When subsidence causes a house's foundation to sink into the ground, structural problems can begin to occur throughout the entire property. You may notice cracks on both the exterior and interior walls as well as changes to the shapes of the door and window frames. In some instances, the warping of the aforementioned frames may be so severe that the doors and windows become stuck and cannot be opened or closed.

In addition to having a negative impact on the appearance of your home, subsidence can also compromise its structural integrity and potentially (in extreme cases) make the building unsafe to live in.

As such, if you want to continue to live in your home for the foreseeable future, it is essential to have the foundation underpinned so that further structural damage can be prevented.

To maintain the property's value

It's worth noting that when a property which has subsidence issues is put up for sale, its owner is usually expected to make this information known to prospective buyers.

Unfortunately, unresolved subsidence problems are likely to put a lot of people off buying a house, as most people do not want to incur the expense of having these problems repaired. Even individuals who are willing to buy a house that has a subsidence issue would probably only want to do so if they could buy it for far less than its market value. 

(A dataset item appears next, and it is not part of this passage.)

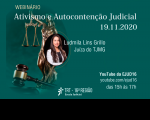 Imagem em fundo verde escuro com informações sobre webinário "Ativismo e Autocontenção Judicial" da Escola Judicial do TRT16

In short, if you fail to address your home's subsidence issue and you eventually decide to put the property up for sale, you could find yourself struggling to secure a buyer or having to accept an offer which is much lower than you had anticipated.

As such, it is best to view the costs associated with house underpinning as an investment, which will enable you to maintain your home's value and sell it for a reasonable price, should you ever decide to put it on the market.